Wenn man den Schein zum wegschicken ausgefüllt hat müßte man eigentlich wissen wie es geht, weil da stand es drauf . Dort gab es ein Feld zum ankreuzen wenn man nicht jedes Jahr automatisch eine Verlängerung seiner Mitgliedschaft möchte. Weiterhin muste man auf diesem Formular seine Kontonummer angeben, damit im Nov. 07 der Verein die Gebühren für das nächste Jahr 08 abbuchen kann. Und etwas mit der Kündigungsfrist gabs auch noch wie oben beschrieben, da weiß ich aber nicht mehr genau wie es war, ich nehme mal an es ist wie DrFeelBetter es beschrieben hat.


----------



## dc1981 (25. Januar 2007)

*AW: Neues Jahr neue Vorschriften.*

Hallo zusammen,

jetzt möchte ich gerne wissen wann ihr eure papiere bestellt habt und wann sie angekommen sind???

wie sieht es den beim HSV DE RIETVORN aus hat jemand mit dem verein erfahrung zwecks papiere???



lg 

Daniel


----------



## Lachsy (25. Januar 2007)

*AW: Neues Jahr neue Vorschriften.*

unser sind noch nicht da, kollege hat seine schon vollständig erhalten.
überwiesen hatten wir anfang des jahres

mfg Lachsy


----------



## Tommi-Engel (25. Januar 2007)

*AW: Neues Jahr neue Vorschriften.*

Ich bin dieses Jahr von der OVB noch gar nicht angeschreiben worden...|kopfkrat


----------



## Siff-Cop (26. Januar 2007)

*AW: Neues Jahr neue Vorschriften.*



dc1981 schrieb:


> Hallo zusammen,
> 
> jetzt möchte ich gerne wissen wann ihr eure papiere bestellt habt und wann sie angekommen sind???
> 
> ...


 

Hallo dc1981

mein Bruder hat in KW52 überwiesen und hat noch nichts bekommen.

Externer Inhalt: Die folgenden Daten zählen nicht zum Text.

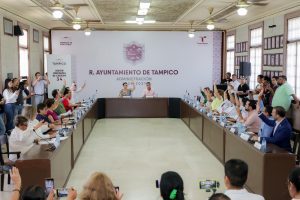 Aprueba Cabildo de Tampico Incorporación de Espacios Públicos al Patrimonio Municipal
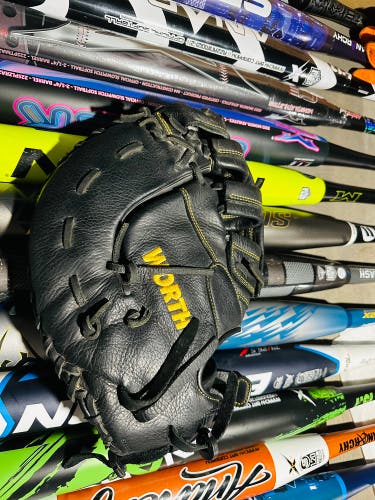Worth player series first baseman’s glove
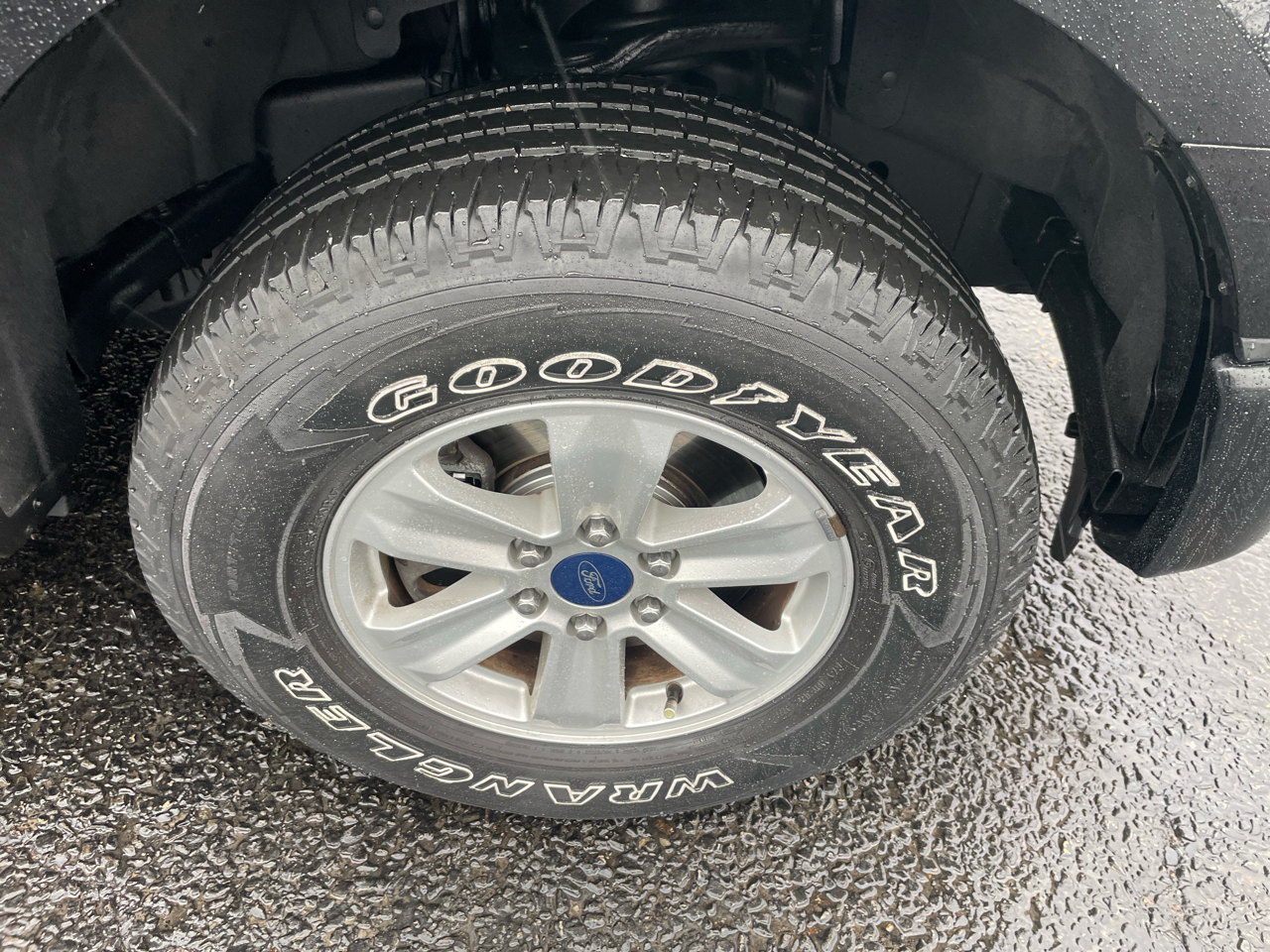 Ford F-150 XLT SuperCrew 5.5-ft. Bed 4WD 2016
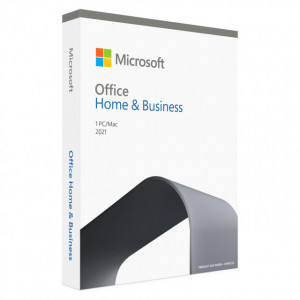 Microsoft Office Home and Business 2021 1 PC/MAC, All languages, FPP, BOX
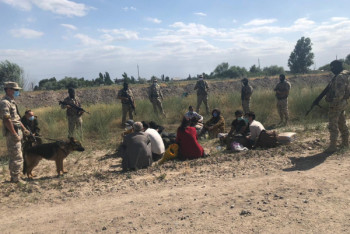 Фотография к новости: 12 афганцев пытались незаконно попасть в Казахстан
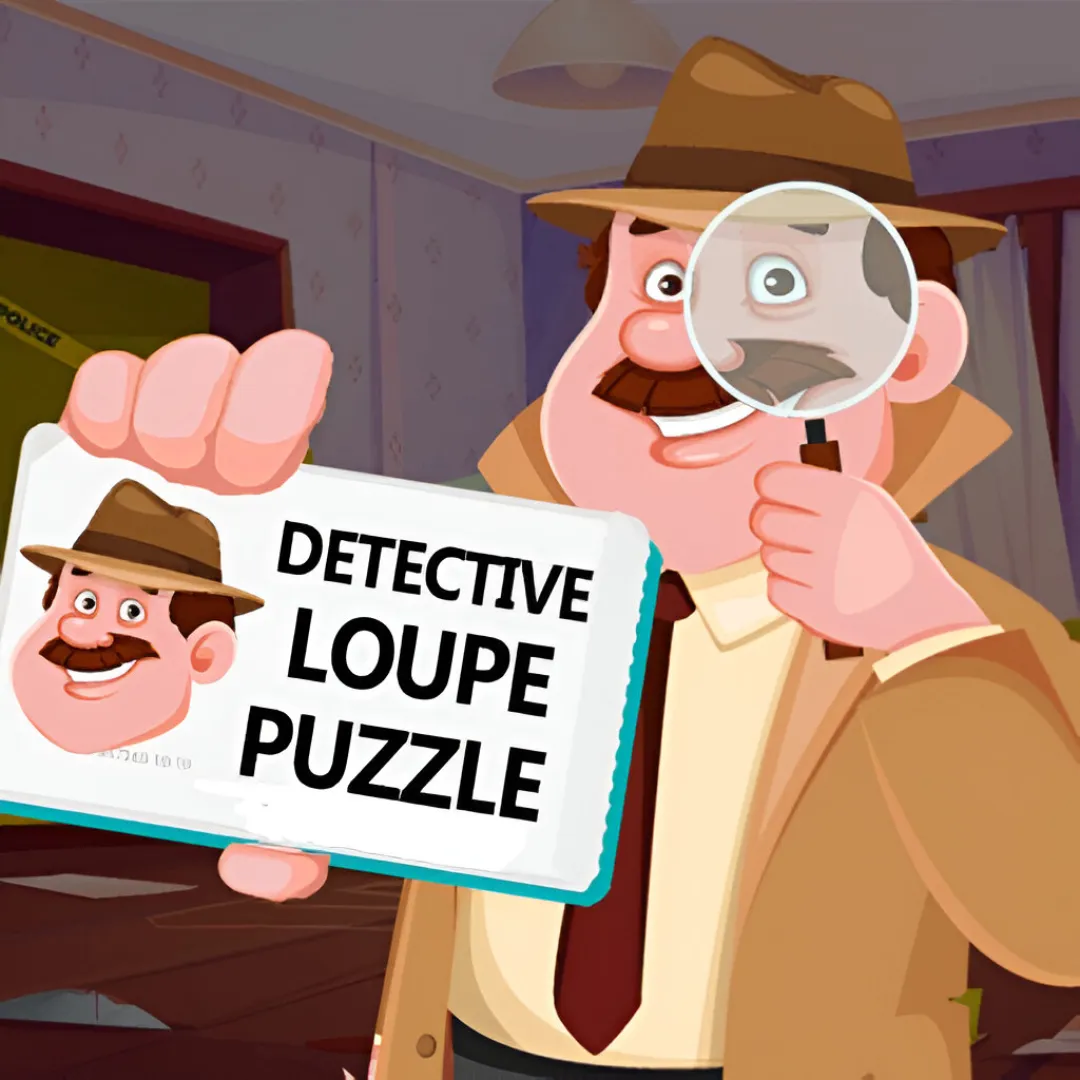 Puzzle, louple, detective,education,kids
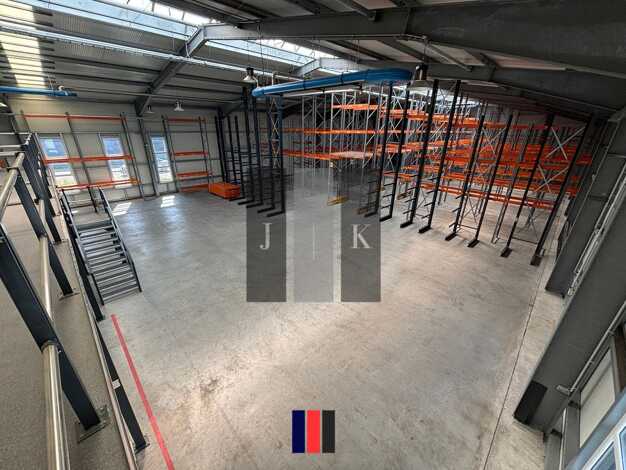 Lagerhalle zur Miete 7 € 1.250 m² Lagerfläche teilbar ab 1.250 m² Siek Siek 22962
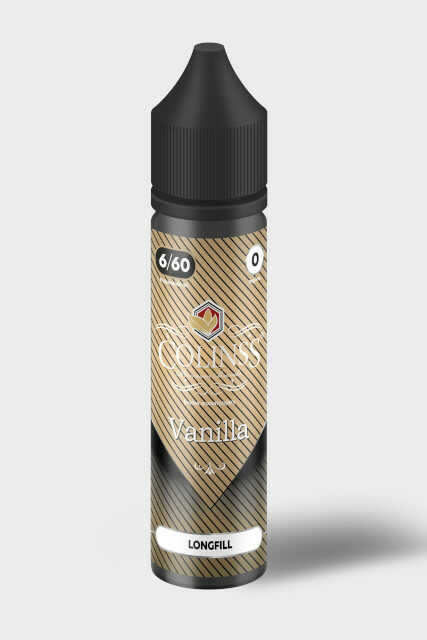Longfill Colins’s Vanilla 6ml/60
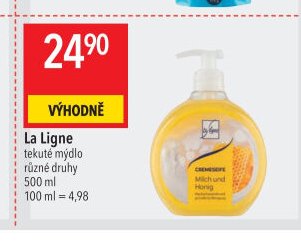 La Ligne tekuté mýdlo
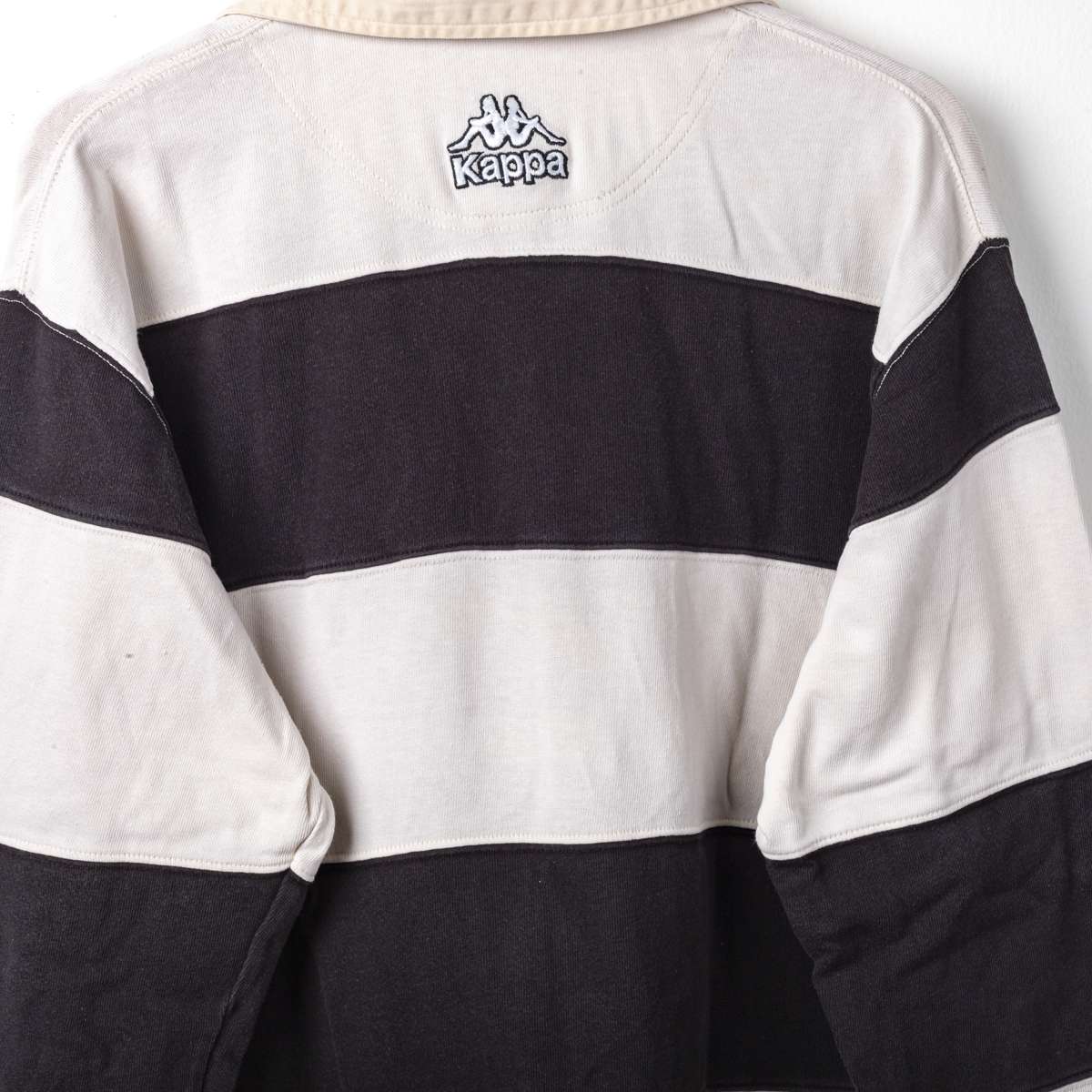 Juventus Polo White Black Kappa Sony 1996/1997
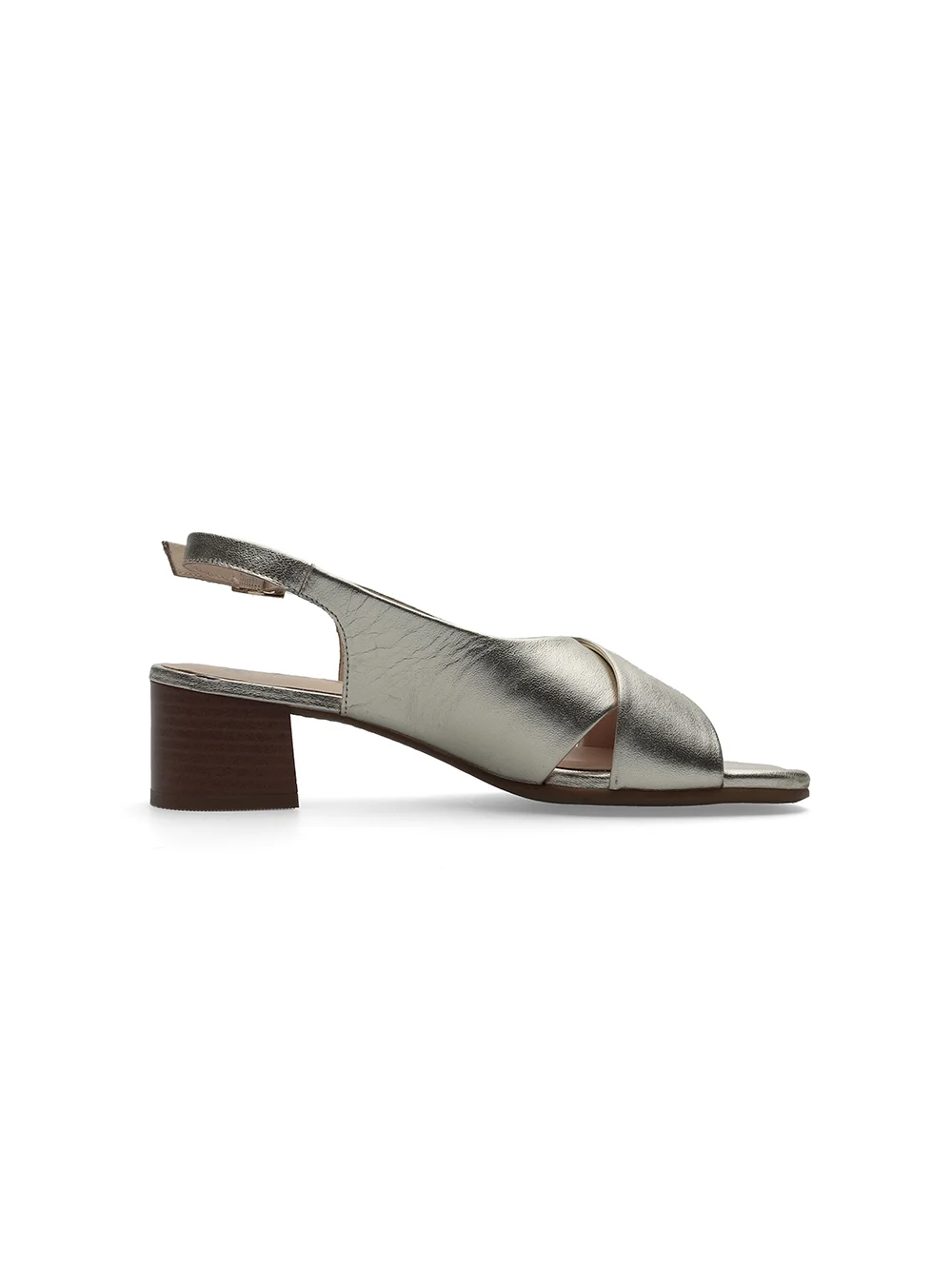 Sandalette Prato platin
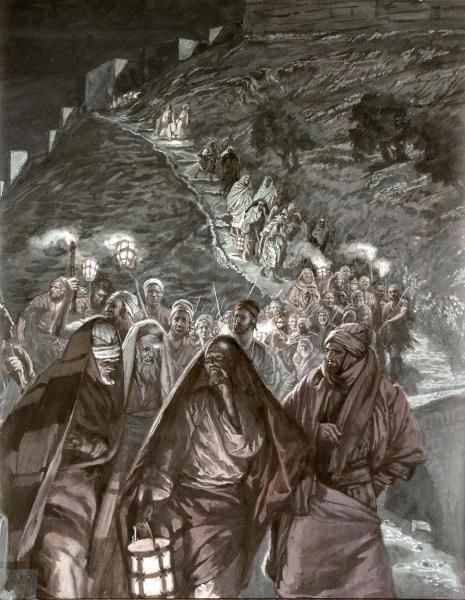 Judas & The Multitudes With Swords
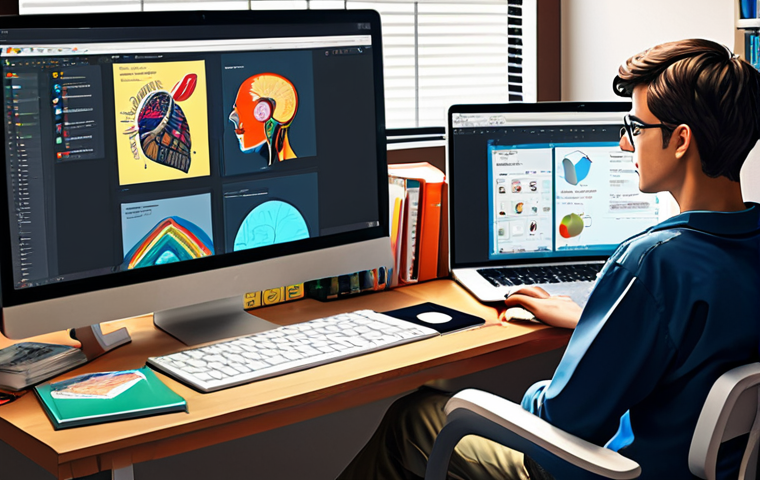 Character Design Study Scene**

"A dedicated student, fully clothed in casual attire, studying character design materials at a bright desk. Books on anatomy, color theory, and digital art software are scattered around. Laptop screen displays character design software interface. Background: Cozy study room with bookshelves and motivational posters. Art style: Clean, professional illustration. Safe for work, appropriate content, professional, well-lit, perfect anatomy, natural pose."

Ich habe garnicht bestellt oder überwiesen und habe schon alles bekommen. :q :q :q :q :q Da gabs wohl einen Fehler 

Der 2. Verein dem ich beigetreten bin, da habe ich letzte Woche die Karte abgeschickt und bin mal gespannt wie lange es dauert.


Gruß


----------



## Lachsy (26. Januar 2007)

*AW: Neues Jahr neue Vorschriften.*

so heute sind papiere eingetroffen. überwiesen wurde am 27. Dezember 2006
heute alles bekommen, inklusive der Chipkarte

mfg Lachsy


----------



## Fledi (26. Januar 2007)

*AW: Neues Jahr neue Vorschriften.*

Also ich habe im letzten Jahr meine holländischen Papiere beim Bergsma in Kerkrade gekauft und hatte mir auch gleich die Mitgliedschaft für den "EKH Goudwinde" gegönnt.
Was soll ich sagen, als ich vor 2 Wochen wieder zum Bergsma kam und den Vispas für 2007 beantragen wollte, lag der Vispas schon fix und fertig, mit meinem Namen ausgefüllt,  zum abholen für mich bereit, obwohl ich noch gar keinen Antrag gestellt hatte. SUUPER :vik: 
Zum allem "Überfluß" habe ich mit 38.-€ auch noch 6 Euro weniger bezahlt als letztes Jahr. #6 
Ich bin sehr zufrieden.

Fledi


----------



## Siff-Cop (28. Januar 2007)

*AW: Neues Jahr neue Vorschriften.*



Lachsy schrieb:


> so heute sind papiere eingetroffen. überwiesen wurde am 27. Dezember 2006
> heute alles bekommen, inklusive der Chipkarte
> 
> mfg Lachsy



Hallo Clarissa


was'n für ne Chipkarte?

Ist in der Karte etwa ein Chip, mit seinen Daten drauf?


----------



## Lachsy (28. Januar 2007)

*AW: Neues Jahr neue Vorschriften.*

chipkarten grösse ja. Aber kein chip drauf. Steht name und Anschrift vom Inhaber drauf und welchem Verein man angehört

http://img201.*ih.us/img201/7999/p1110580ln1.jpg


----------



## Lachsy (29. Januar 2007)

*AW: Neues Jahr neue Vorschriften.*

nochwas zum nachtrag, bitte nehmt alles das dicke buch "Landelijke Lijst van viswateren" beim Angeln mit, bei controlle wird danach gefragt. wer es nicht mit hat, könnte eine strafe bekommen

mfg Lachsy


----------



## Siff-Cop (30. Januar 2007)

*AW: Neues Jahr neue Vorschriften.*



Lachsy schrieb:


> nochwas zum nachtrag, bitte nehmt alles das dicke buch "Landelijke Lijst van viswateren" beim Angeln mit, bei controlle wird danach gefragt. wer es nicht mit hat, könnte eine strafe bekommen
> 
> mfg Lachsy


 
Hallo Lachsy 

er bekommt eine oder darf nicht mehr angeln, zumindestens ist es einem Freund von mir so ergangen. Im letzten Jahr da war es dann aber noch die "Lijst van viswateren".   ..............


----------



## dc1981 (1. Februar 2007)

*AW: Neues Jahr neue Vorschriften.*

So,

nun sind meine Papiere da :vik: #6 :vik: .
Haben nur knapp 14tage gebraucht.

Hab aber noch nicht meinen Vispass in Kartenform bekommen.
Erstmal einen vorläufigen auf nem DIN5 Blatt.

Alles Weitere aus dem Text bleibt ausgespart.